In the late afternoon I was doing a wide sweeping turn out of a bay when I drove off a hardpacked snow section and the carbide ski-runners bit into a smooth sheet of ice. Because I was in a right turn at about 60km/hr the rear-end of the snowmobile instantly spun around to the left and launched me off the machine.

From what I remember and judging by what hurts now; I hit the ice with my the left side of my head first, then my elbows, then my left hip and knee. I thought the snowmobile was going to land on top of me, but by luck it spun away to the right and even stayed up-right. I laid on the ice for a while trying to get my head straight, I tried to get up a couple times but my body was just not able to function yet.

I was about 3 km down the lake from a group of occupied ice huts and I had intermittent radio communication back to my work centre, so I was not completely cut-off.

I had a large survival/first-aid kit on the snowmobile, plus a small PSK in my pocket and a mini-kit on my belt, they were all of little use at this time because for about 5 minutes I could not even sit-up.

I flexed and moved parts of my body to check if anything was badly broken, lots of parts hurt but all seemed to work.
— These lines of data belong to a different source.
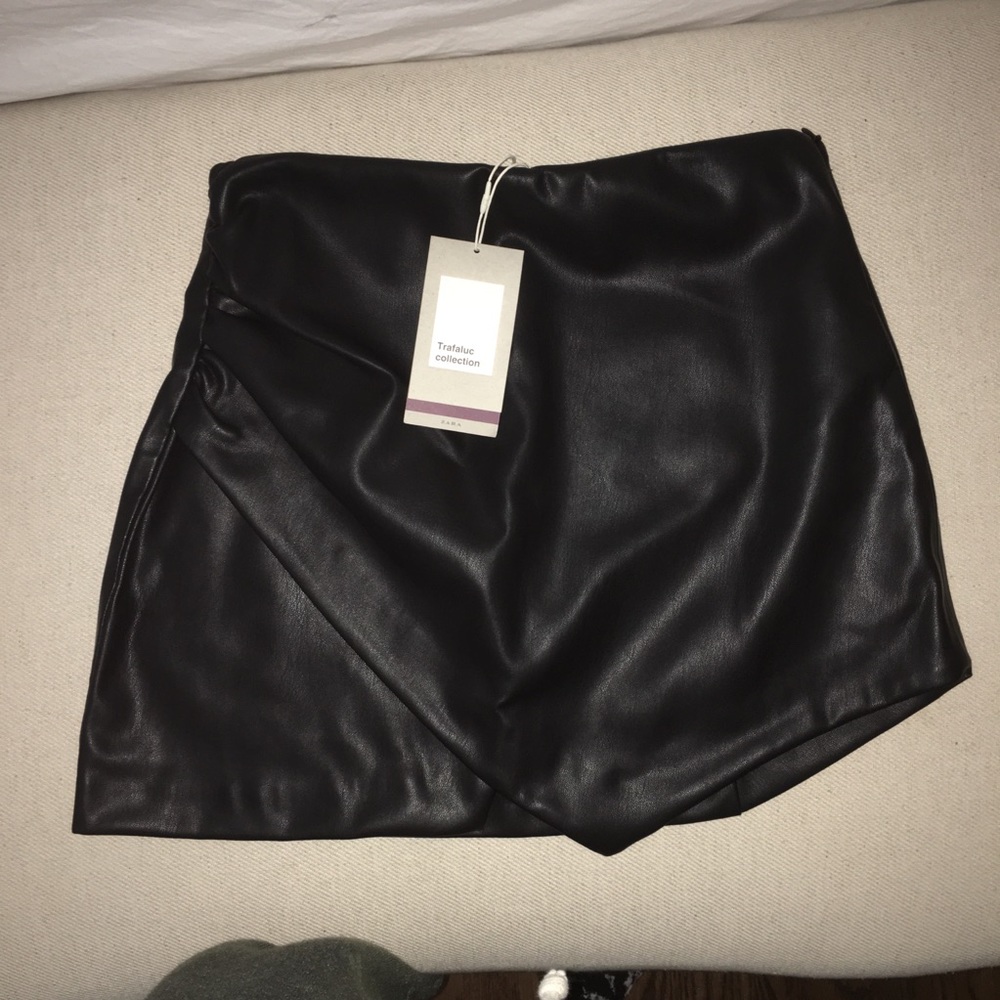 zara asymetrical leather skirt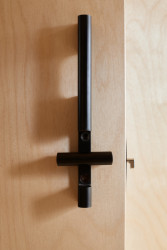 M&T, dveřní systém Magnetic, madlo YES!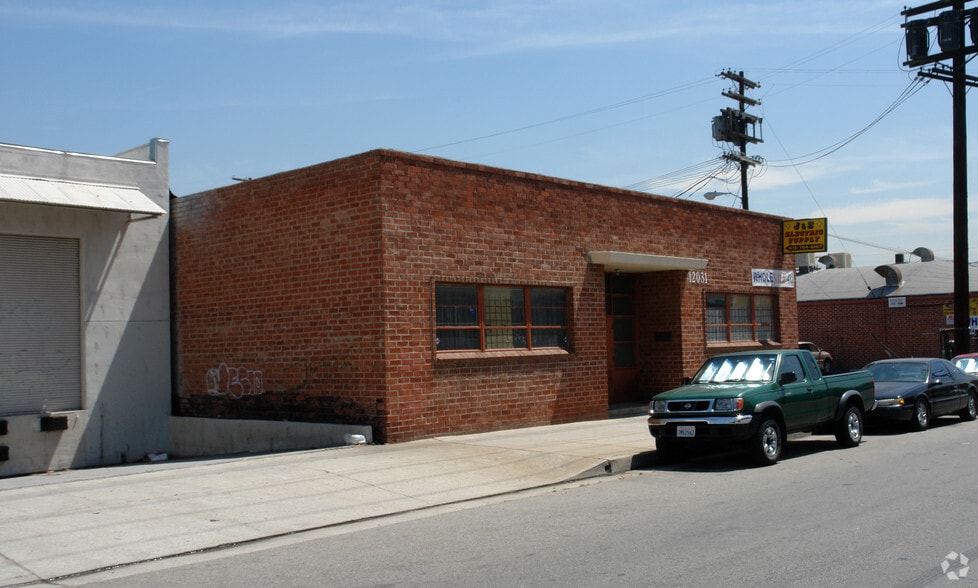 12021-12031 Vose St, North Hollywood, CA for rent - Building Photo - Image 3 of 4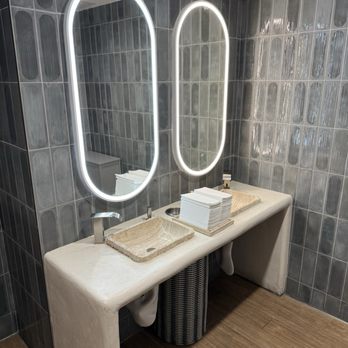 Greek Bistro - Bathroom - Greek Near Me - Glendale, California Greek Bistro - Bathroom - Greek Near Me - Glendale, California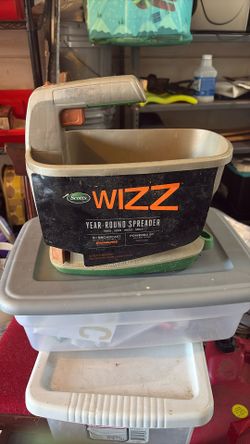Scotts Wizz Year-Round Spreader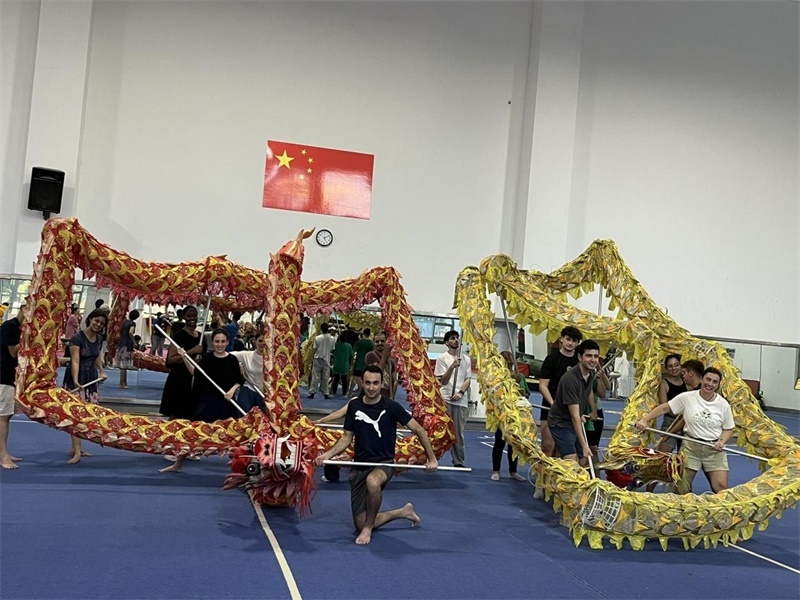 在中國和巴西共迎兩國建交50周年之際，巴西圣保羅州立大學孔子學院今年7月成功組織多批、近40名巴西青少年來華進行短期訪問交流，圖為訪問團成員在中國參加文化體驗活動。 巴西圣保羅州立大學孔子學院供圖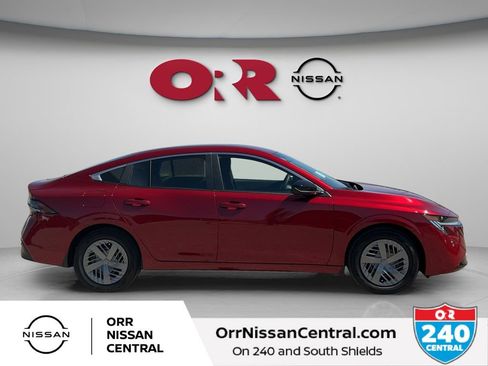 New 2026 Nissan Sentra SV w/ Floor Mat Package FWD image 4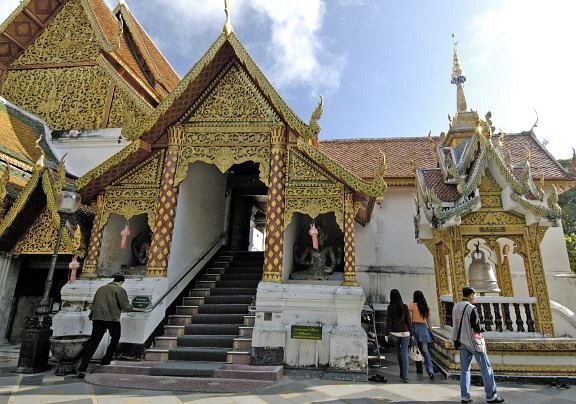 doi_suthep3049A.jpg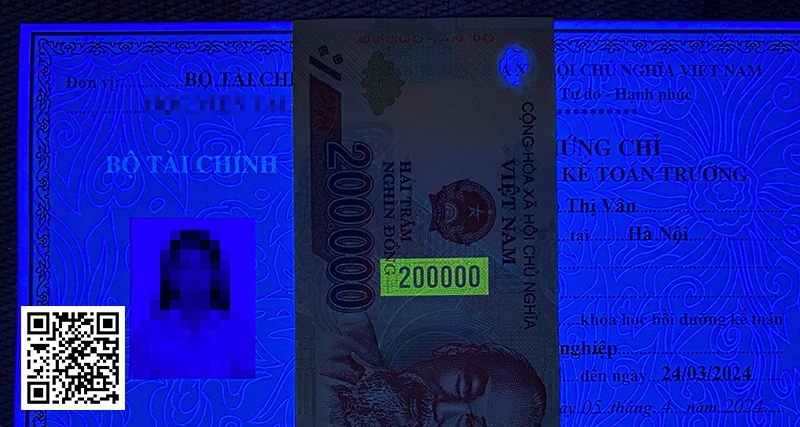 Soi chứng chỉ dưới tia UV để xác định thật hay giả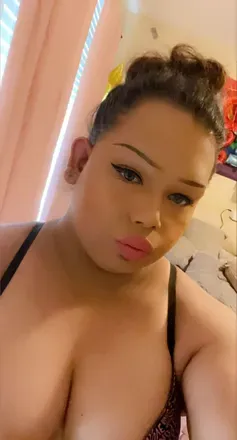 OnlyFans cuenta lonelybitch98 avatar 1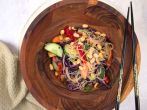 Asiatischer <strong>Glasnudelsalat</strong> mit Erdnuss-Dressing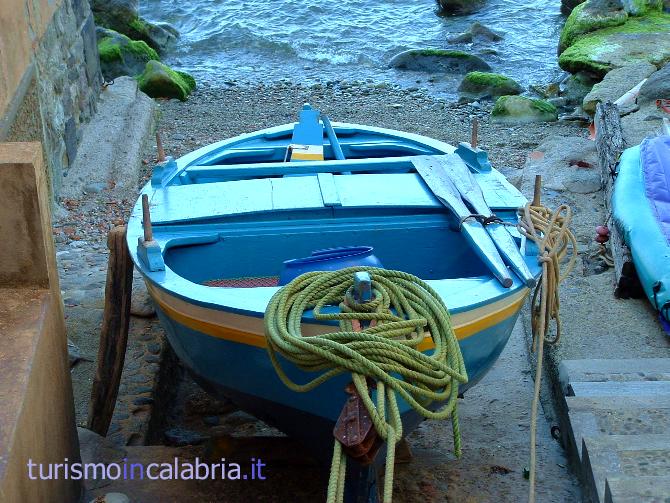 Barca a Chianalea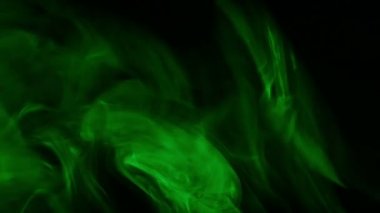 Smoke 'un siyah arkaplandaki Yavaş Hareket görüntüleri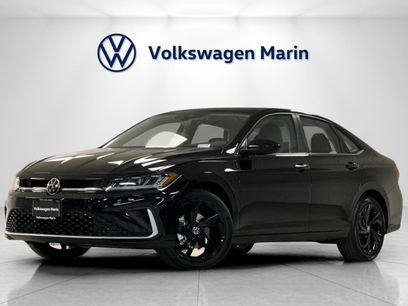 New 2025 Volkswagen Jetta SE w/ Sunroof Package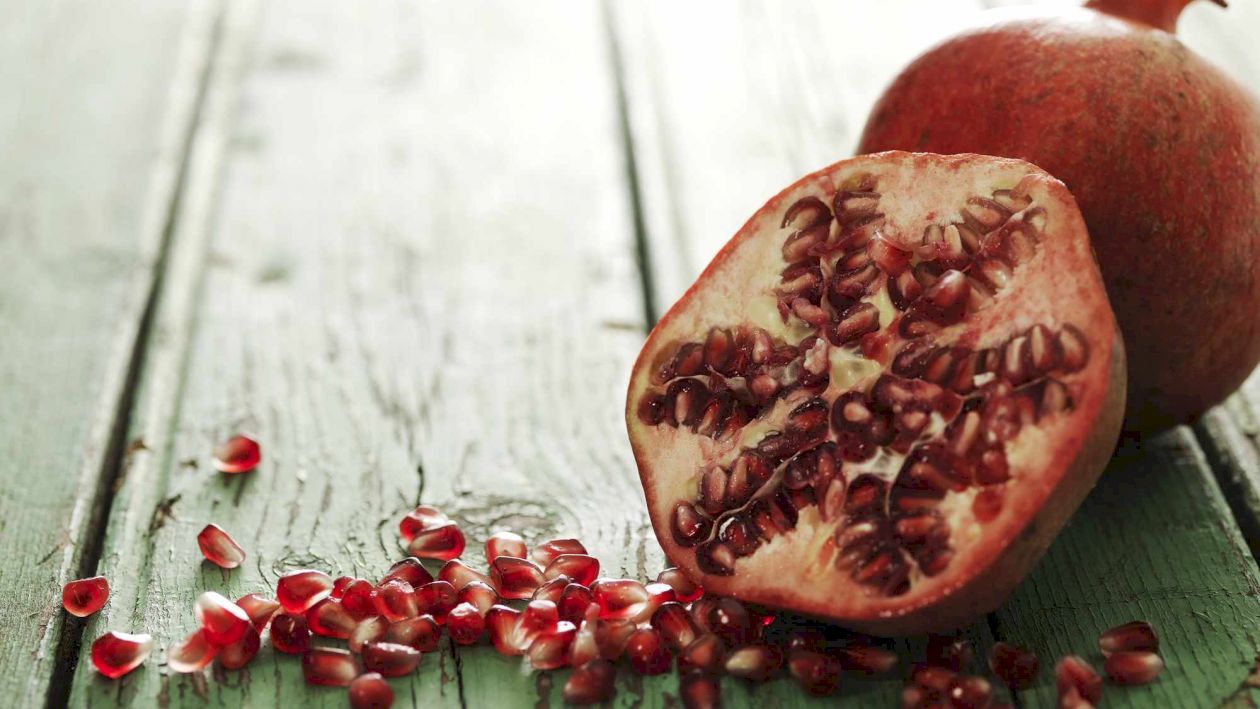 Cel mai bogat fruct în antioxidanți. Ce beneficii are rodia și cine nu trebuie să o consume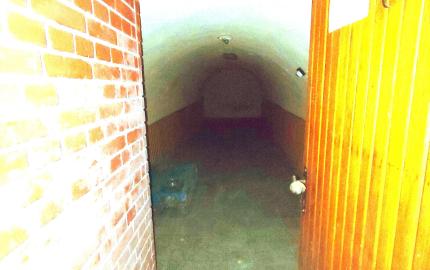 Polyfunkčná budova 3km od hranice v Hollóháza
After about 5 minutes I managed to sit-up and then slowly stand-up. My snowmobile was still running and after a quick contact with work on the radio, I called it a day and carefully made it back to my truck; where I loaded the sled and then drove home. Had a major headache and sore lower back!

The only physical damage was a cracked LCD screen on the 2-way radio that was on my hip, that is also the part of my body that now hurts the most.

The best move I did all day was wearing a quality full-face helmet, if I had not been wearing a helmet I would be dead.

I probably should not have tried to turn so sharply on glare ice and traveling with a partner would also have been a good idea.

I think it is my mistakes that I learn from the most?